Theism/religion is a learned category of belief/culture/behavior.
No, it's not. Theism is a logically derived existential proposition. Religion is the life practice based on a specific interpretation of that proposition. Now, please explain logically why you think this is wrong.
Many folks in the USA aren't religious and don't really have an active position on any of the many religious options.
How one responds to any given religious depiction of God is irrelevant to the theist proposition that God/gods exist.
But if asked they tend to answer that they believe in a God.
What they believe is not relevant to anyone but them. And what they believe does not define the terms; theism, or atheism, or religion, or the color purple.
These passive "believers" have a position, but it is one that came from social conformity and not an active and engaged belief.
Their belief is irrelevant. The intensity of their belief is irrelevant. What is relevant is what they assert to be a valid concept of reality relative to the theist proposition, and how they logically support this assertion.
Such folks who don't really think about religion or any gods aren't atheists, they are essentially in intellectual limbo.
It doesn't matter to anyone what they do or don't think about. What matters is what they assert to be a valid concept of reality relative to the theist proposition, and how they logically support this assertion.
I don't consider then as having a position.
They either assert their position and validate it logically, or they don't.
Atheism tends to be a category of people who have thought about religious claims (typically supernatural) and have rejected them intellectually.
What they thought about religion is not relevant. No one cares what anyone thinks about religion. The question at hand is, is the theist proposition that God/gods exist valid? The question at hand is NOT which God or gods exist, or how, or to what purpose. Because those question are all predicated on the having already accepted the the theist proposition as valid.
These are active positions.
But they are not philosophical positions. They are responses to various religious depictions of God/gods intended for people that have already determined that the theist proposition is valid.

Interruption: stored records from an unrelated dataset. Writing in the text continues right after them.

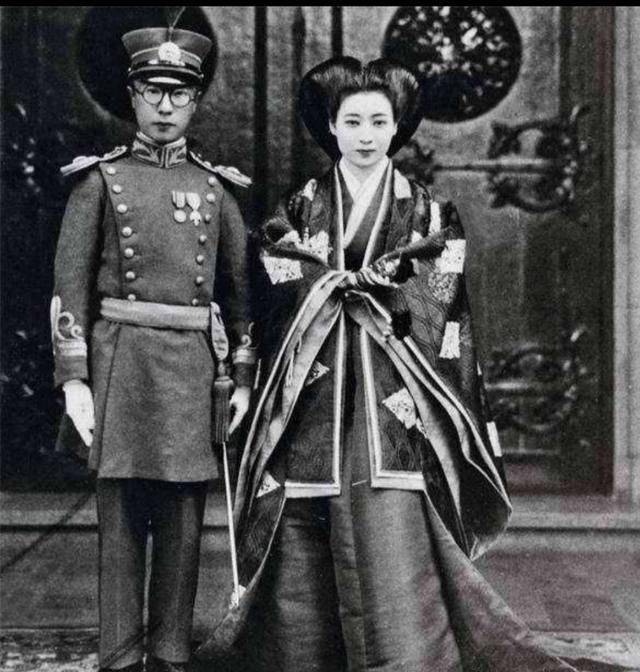 即便日本贵族家庭也无权反对,嵯峨浩等于是被强行嫁给了溥杰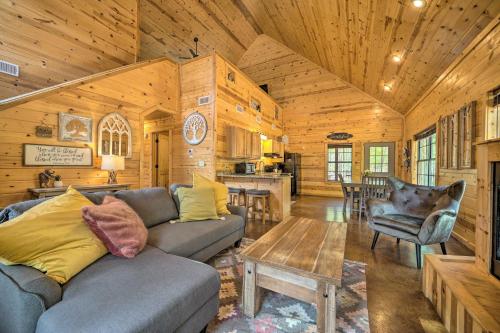 4 Mi to Beavers Bend: Cabin w/ Hot Tub & Games, Broken Bow (foto 4)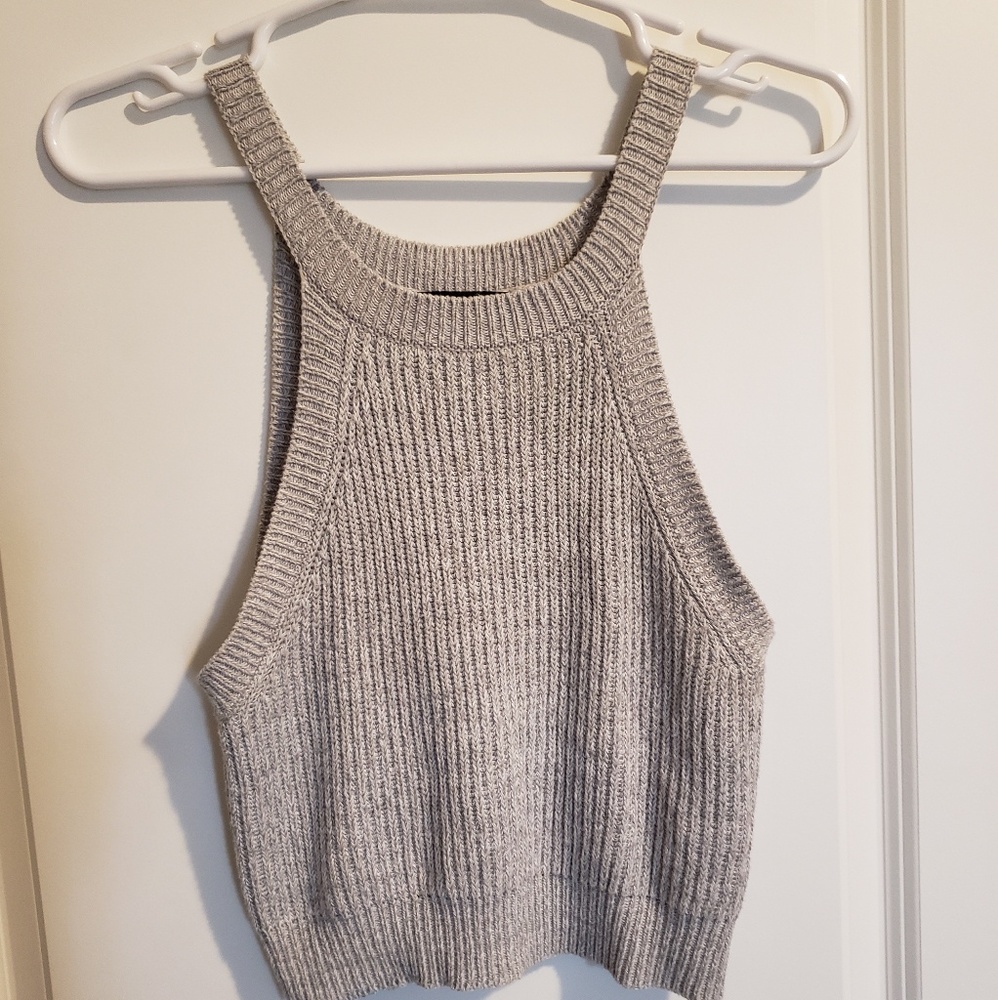SWEATER CROP TOP HALTER
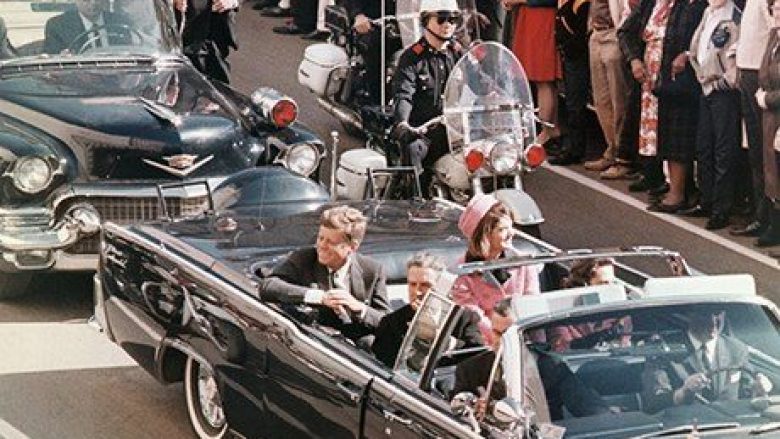 53 vjet pas vrasjes së Kennedy-t, këto janë tri teoritë konspirative më të pazakonta (Video)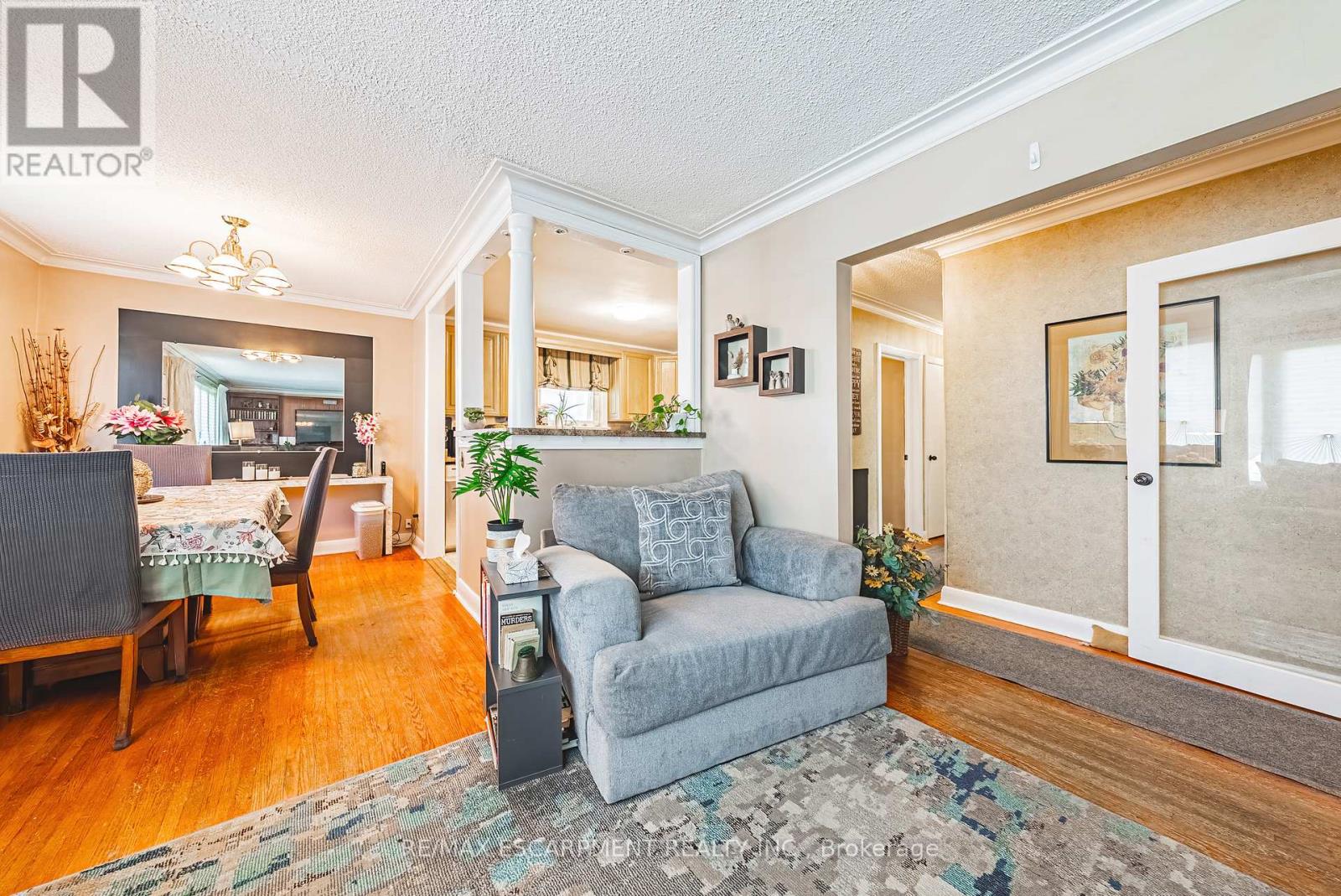1 Norwich Place, Toronto, Ontario  M9V 2Y9 - Photo 8 - W12434377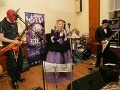 Počas večera hosťom zaspievala Lenka LeRa Salmanová so svojou kapelou. Počas večera hosťom zaspievala Lenka LeRa Salmanová so svojou kapelou.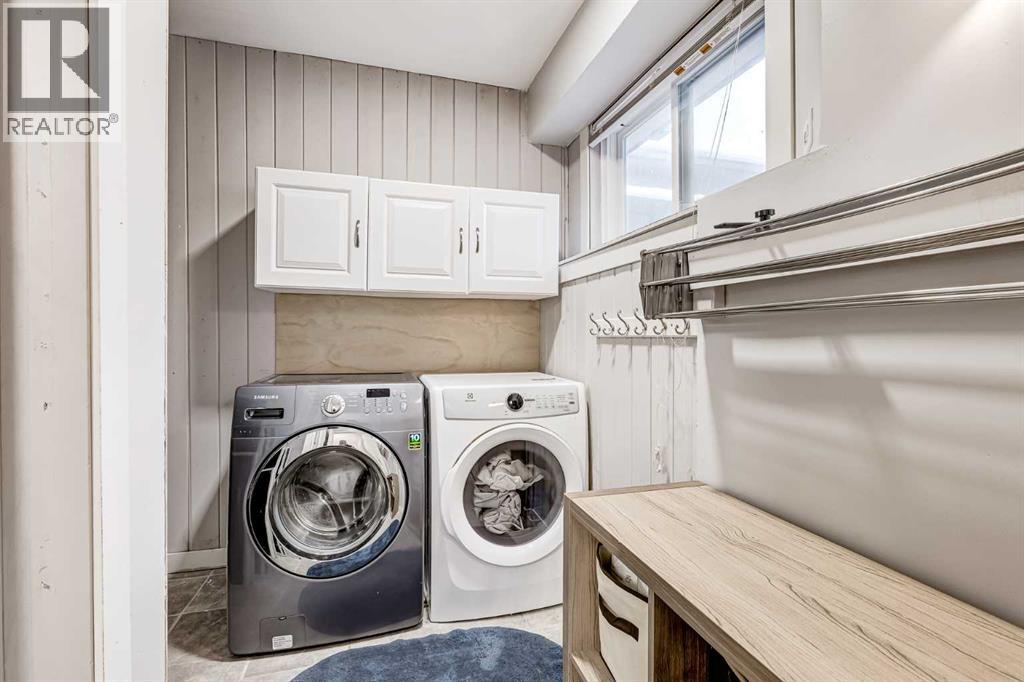 Single Family House Bi-level for Sale in  Mckerrell Place SE McKenzie Lake Calgary 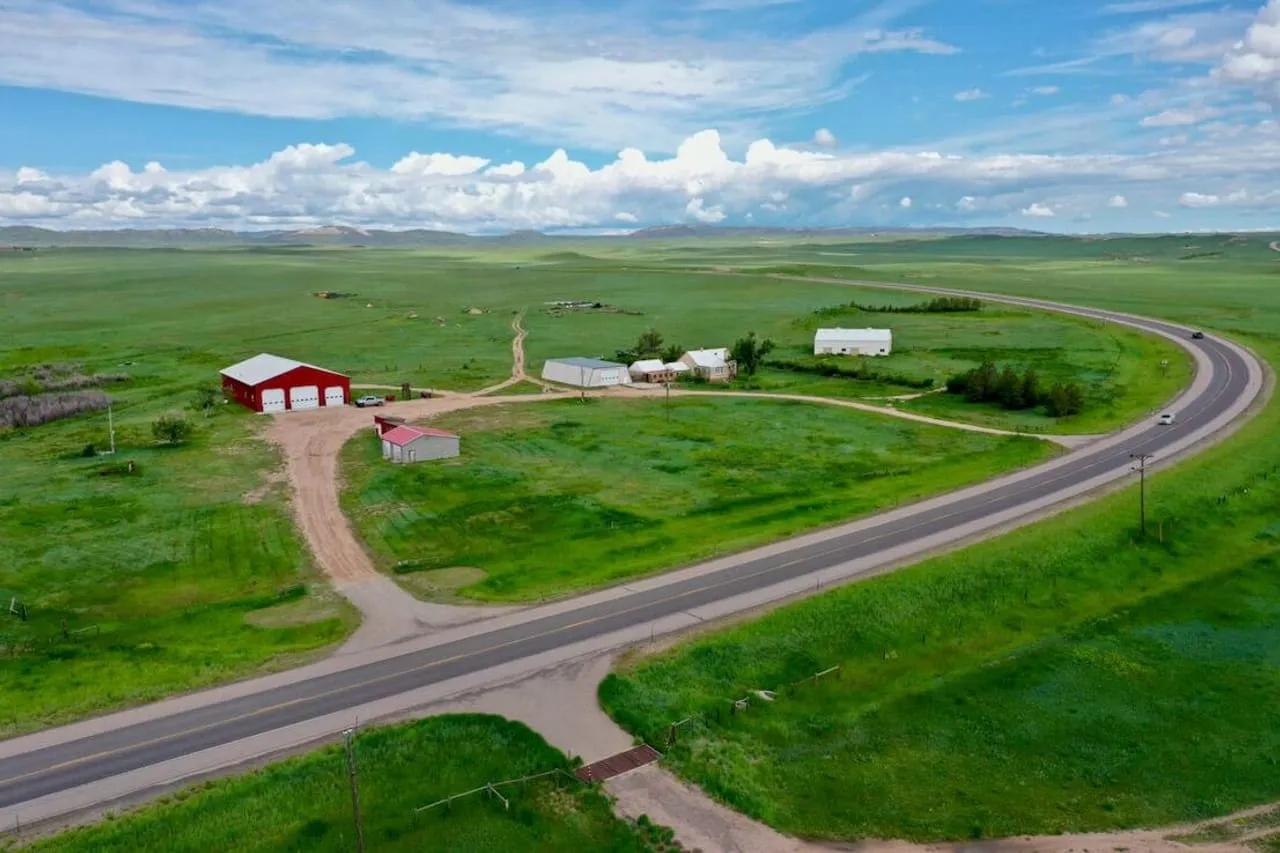 55640750-18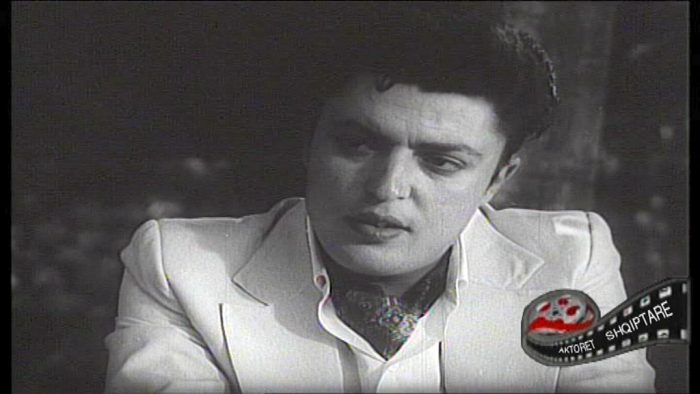 Aktori i njohur që jeton prej 30 vitesh në emigrim: Më merr malli për Shqipërinë dhe skenën, por ika për familjen Aktori i njohur që jeton prej 30 vitesh në emigrim: Më merr malli për Shqipërinë dhe skenën, por ika për familjen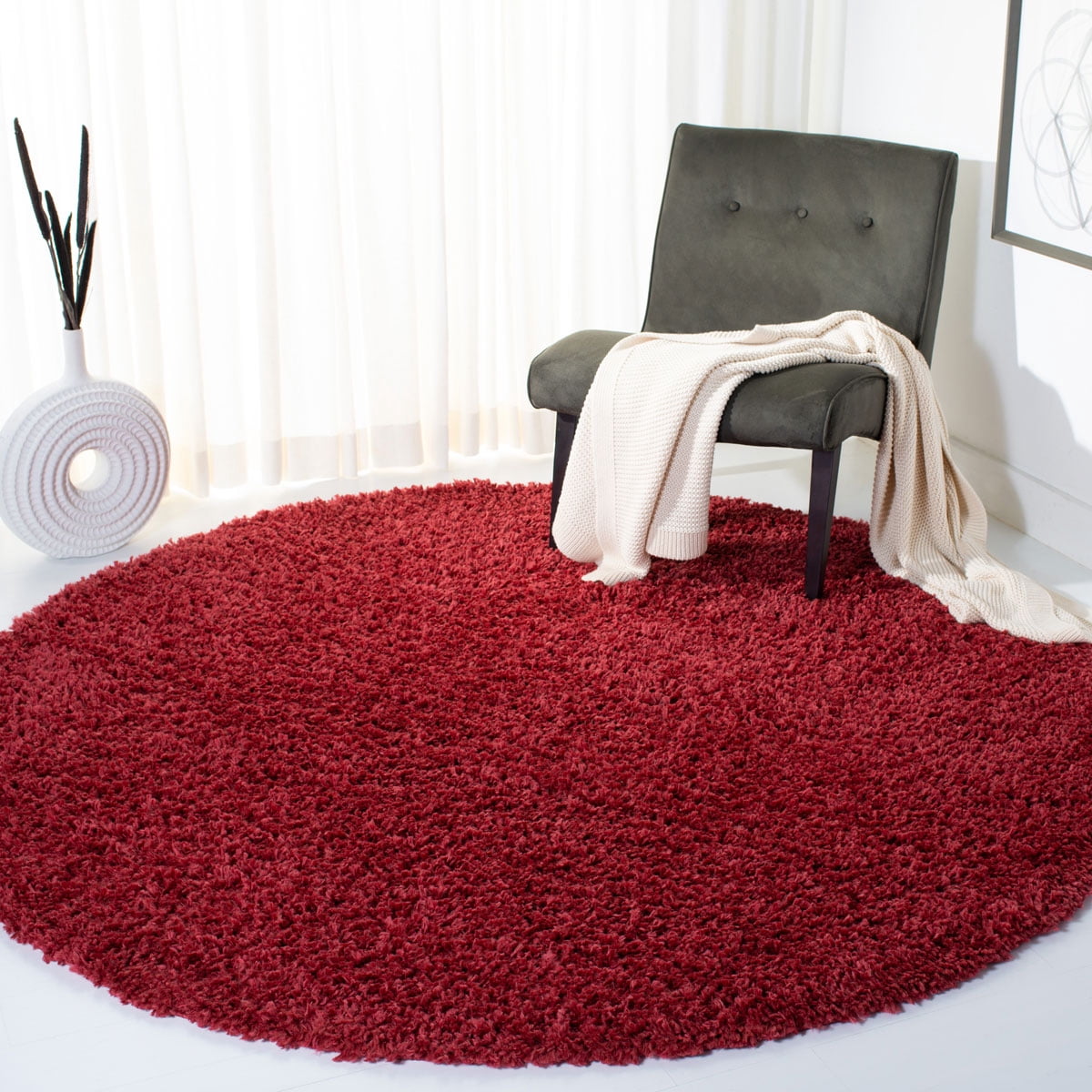 SAFAVIEH August Sophia Solid Shag Area Rug, Red, 6'7" x 6'7" Round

Even agnostics (which I assert is everyone since there is no way to know anything factually about the supernatural claims made by religion) are a position and one that has engaged with whether they have an intellectual reason to believe any of the religious claims they have encountered.
Agnosticism, specifically, is a position regarding the possibility of our being able to know an extant God. Like religion, it is predicated on having already accepted the theist proposition that God/gods exist. Not knowing IF God/gods exist is, as you point out, a fact of reality for all of us. And is therefor not at issue.
I would agree that non-belief is not necessarily non-theism (atheism) since theism itself is a category of complex and abstract ideas.
Theism itself is just the proposition. How we respond to that proposition varies from absolute dogged religiosity to equally dogged indifference.
But negating someone else's response does not negate the original proposition. And this is something that many atheists around here are working very hard NOT to recognize.
Yet logic isn't used to conclude that religious concepts are true, it's faith. Believers actually brag about it.
Again, this has nothing to do with the actual theist proposition. It's just another of the many ways people will choose to respond to it.